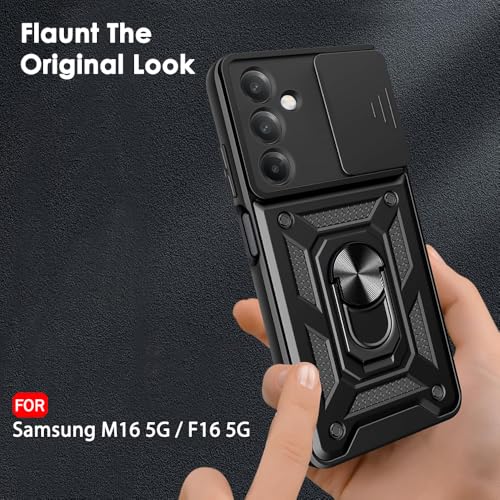 Image of TheGiftKart Tough Armor Bumper Back Cover Case for Samsung Galaxy M16 5G / F16 5G | Sliding Camera Cover, KickStand & Ring Holder | 360 Protection Back Case for Samsung M16 / F16 5G (PC & TPU, Black)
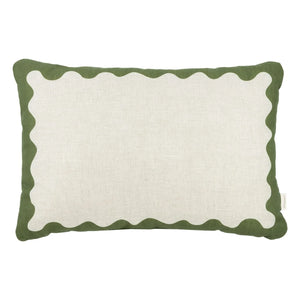 Nobodinoz - Cojín rectangular Vibes - Lino francés | Verde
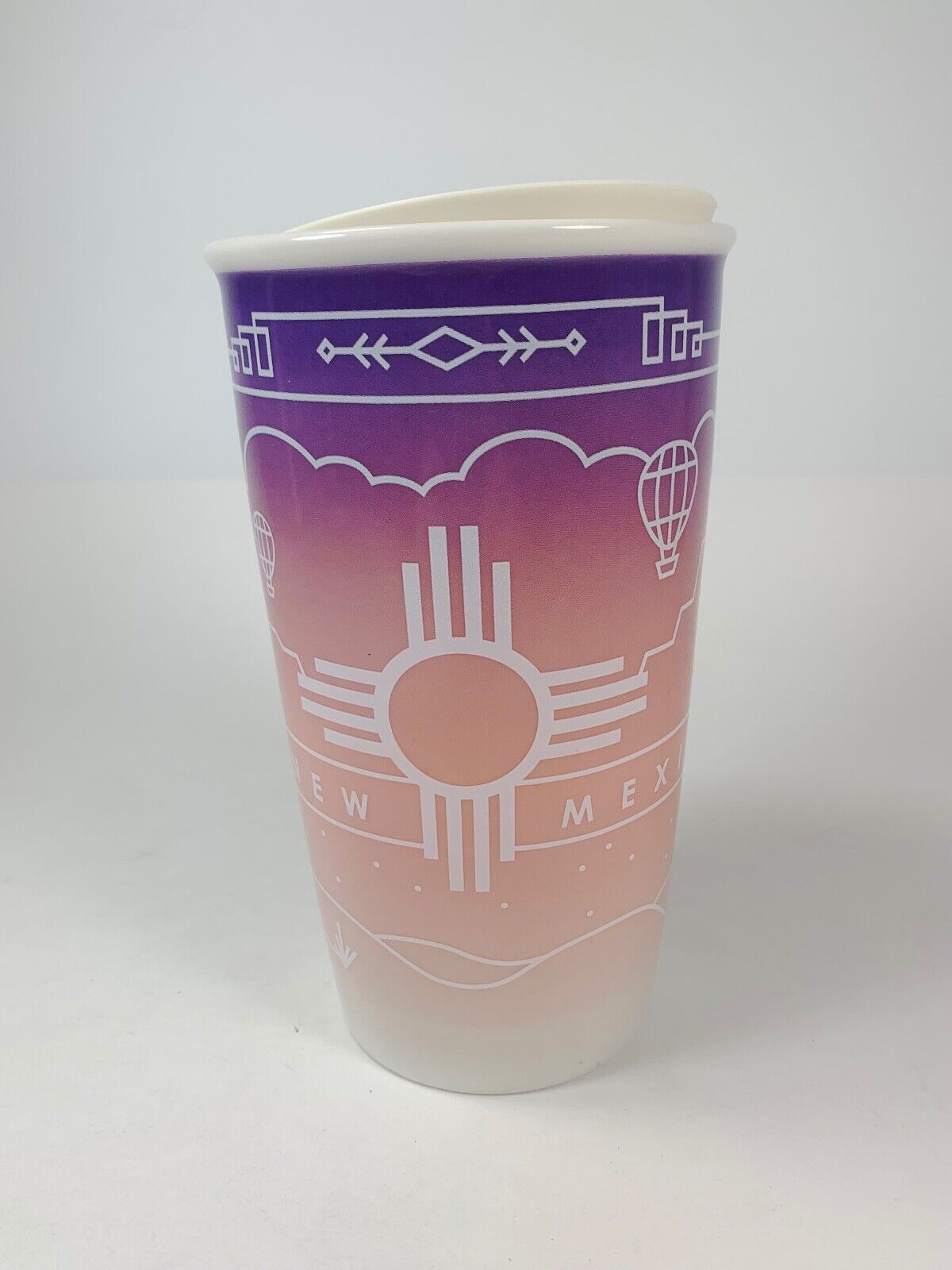2016 Starbucks New Mexico Ceramic Tumbler w/Lid 12 oz Purple Ombre Travel Coffee - Sold on eBay January 29th, 2025 for $224.99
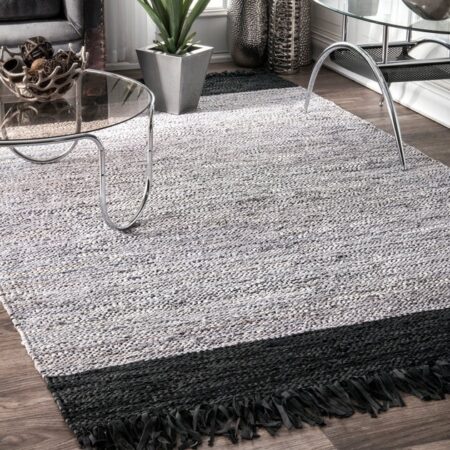 Price drop! nuLOOM Otha Modern Leather Tassel Area Rug Now $41 (was $189) Thumbnail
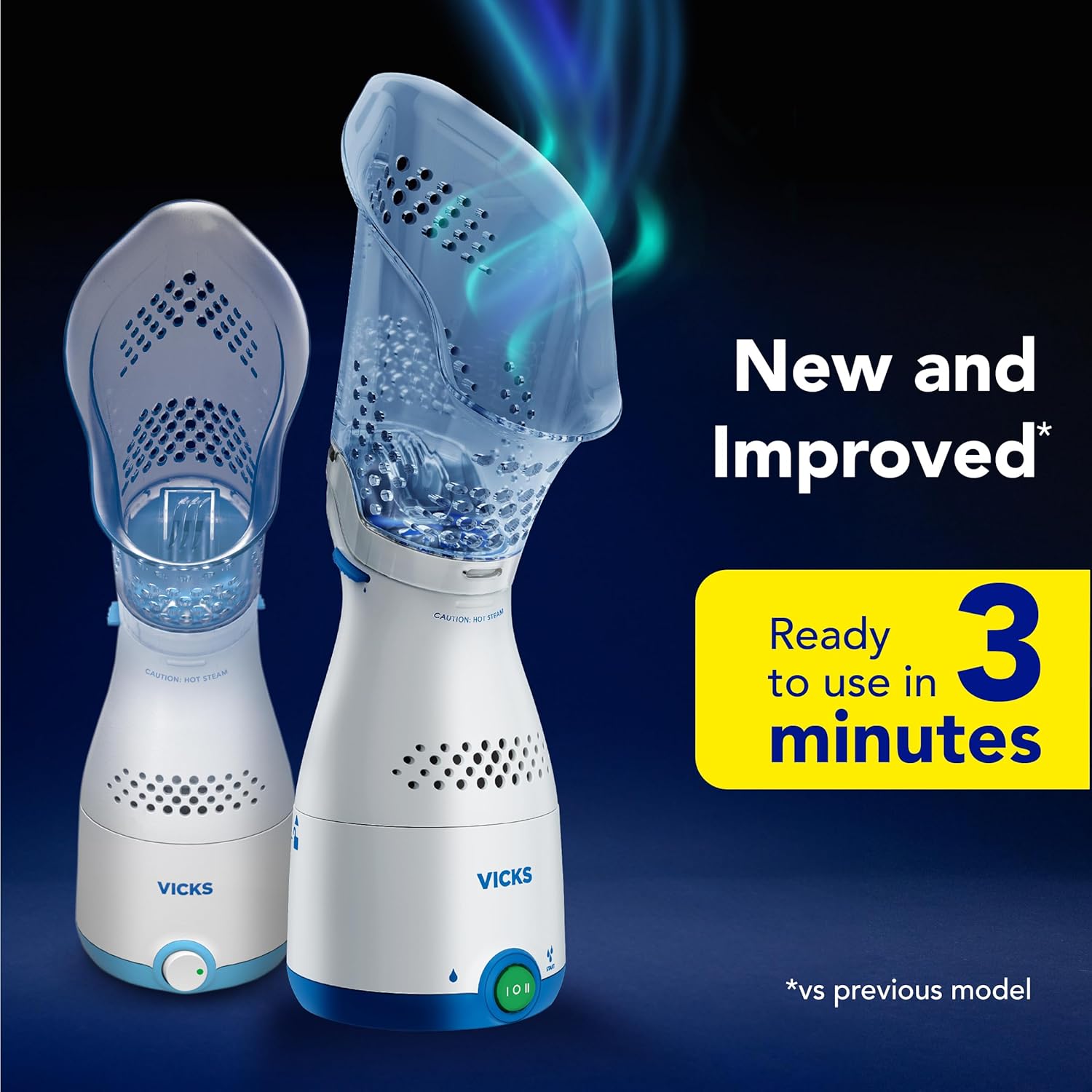 Vicks Sinus Inhaler, Plug-in Non-Medicated Steam Inhaler for Sinus Relief, Allergies, Congestion & Colds, Vocal Steamer, Soothes Nasal & Throat Passages, Works with VapoPads (1 Included)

########################################

- _What you have to do_: The lines from the one containing "Nobodinoz - Cojín" through the end of the data above are to be copied exactly, both ends included, and pictures are to be omitted.

- _Task response_:
 Nobodinoz - Cojín rectangular Vibes - Lino francés | Verde
2016 Starbucks New Mexico Ceramic Tumbler w/Lid 12 oz Purple Ombre Travel Coffee - Sold on eBay January 29th, 2025 for $224.99
 Price drop! nuLOOM Otha Modern Leather Tassel Area Rug Now $41 (was $189) Thumbnail
 Vicks Sinus Inhaler, Plug-in Non-Medicated Steam Inhaler for Sinus Relief, Allergies, Congestion & Colds, Vocal Steamer, Soothes Nasal & Throat Passages, Works with VapoPads (1 Included)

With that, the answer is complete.